Но уже с первых минут Гнатюк заметил необычное. Движения Сулимы, всегда такие спокойные, до тошнотворной нудности размеренные, стали как будто более быстрыми. И сам он, казалось, весь собрался, точно ему хотелось помочь стану быстрее раскатать гильзу. Обычно, закончив прокатку трубы, он давал сигнал и царственно восседал в кресле, спокойно выжидая, когда подадут следующую гильзу. Иногда даже склонял слегка голову на грудь, как будто вздремнув. Вот так он сидел вчера в третьем ряду на заводском собрании. Казалось, он спит, не обращая внимания на происходящее. «Как всегда, равнодушен», — с досадой подумал Гнатюк. Только на несколько секунд поднял Сулима голову и с интересом взглянул на сцену, когда Саша в запальчивости крикнул Гусеву: «К черту пределы!»
А сегодня старика было не узнать. Еще не прокатав гильзу, он давал сигнал и в тот же миг оглядывался в сторону прошивного стана — подают ли новую гильзу. Видя, что там все еще не закончили прошивать слиток, он даже прикрикнул раз на Гнатюка:
— Чего расселся! Сбегай, спытай, почему там держат.

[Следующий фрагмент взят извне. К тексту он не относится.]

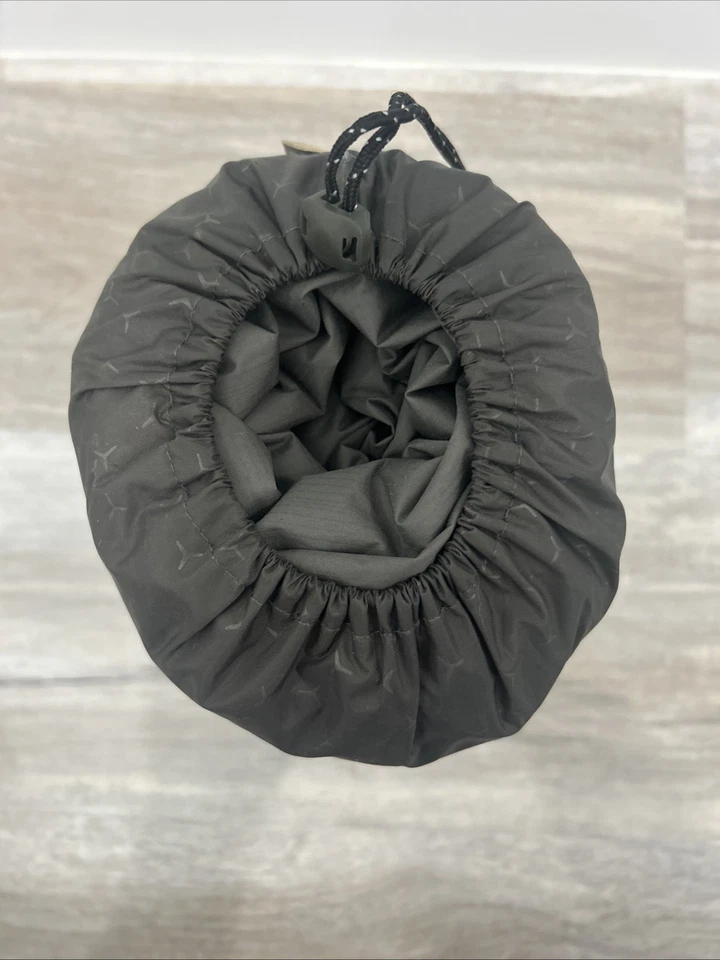 Exped Ultra 7R Sleeping Pad / Mat Medium - Image 4 of 4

Саша, не помня себя от радости, побежал к прошивному стану. «Значит, разобрало и старика!»
К восьми часам прокатили треть сменной нормы, вместо четверти.
На площадку пильгерстана поднялся Коваль.
— Хорошо, Николай Афанасьевич, — сказал он одобрительно Сулиме. — Теперь ваша смена может первенство взять.
Сулима ничего не сказал, только улыбнулся краями губ. Он еще более напрягся в своем кресле и впился глазами в гильзу, то подскакивавшую к стану, то отбегавшую от него.
Коваль залюбовался работой стана. Раньше, казалось, стан с трудом, надрываясь, катал тяжелый металл и в пару был похож на вспотевшего, уставшего человека. А сейчас тот же гул вызывал чувство силы, и пар, обволакивавший стан, порождал ощущение избыточной энергии.
Коваль оглянулся, сам не зная почему. И так же инстинктивно оглянулся Сулима — он даже потянул рычаг, замедляя ход подающего аппарата.
На площадке стоял Гусев. На щеках его горели красные пятна, губы были плотно сжаты. Они разжались только на доли секунды, чтобы выдавить несколько секущих, как бич, ядовитых слов.
— Вы решили продолжать эксперименты? — сказал он, обращаясь к Ковалю.
Коваль, сдерживая себя, ответил спокойно:
— Не эксперименты, Мстислав Михайлович. Это должно стать нормой работы.
— Это говорите вы, инженер!
— Здесь не место спорить, Мстислав Михайлович. Мы можем об этом поговорить в другом месте.
Неожиданно стало тихо. Недокатанная гильза остановилась в желобе.
— Совсем неправильно вы говорите, Мстислав Михайлович, — вмешался в разговор Сулима. — Нам теперь по-новому работать надо.
— Молчать! — взревел Гусев. — Ваше дело — катать. Гильза стынет.
Но Сулима махнул рукой на стан.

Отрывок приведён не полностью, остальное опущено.